• **REQUIREMENT**:
Return every line below exactly, leaving nothing out.

• **DATA BELOW**:
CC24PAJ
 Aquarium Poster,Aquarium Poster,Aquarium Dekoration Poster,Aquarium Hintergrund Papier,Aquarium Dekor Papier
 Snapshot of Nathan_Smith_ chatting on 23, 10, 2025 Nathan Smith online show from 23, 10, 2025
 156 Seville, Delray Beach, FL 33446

• **REPLY TO THE TASK**:
CC24PAJ
 Aquarium Poster,Aquarium Poster,Aquarium Dekoration Poster,Aquarium Hintergrund Papier,Aquarium Dekor Papier
 Snapshot of Nathan_Smith_ chatting on 23, 10, 2025 Nathan Smith online show from 23, 10, 2025
 156 Seville, Delray Beach, FL 33446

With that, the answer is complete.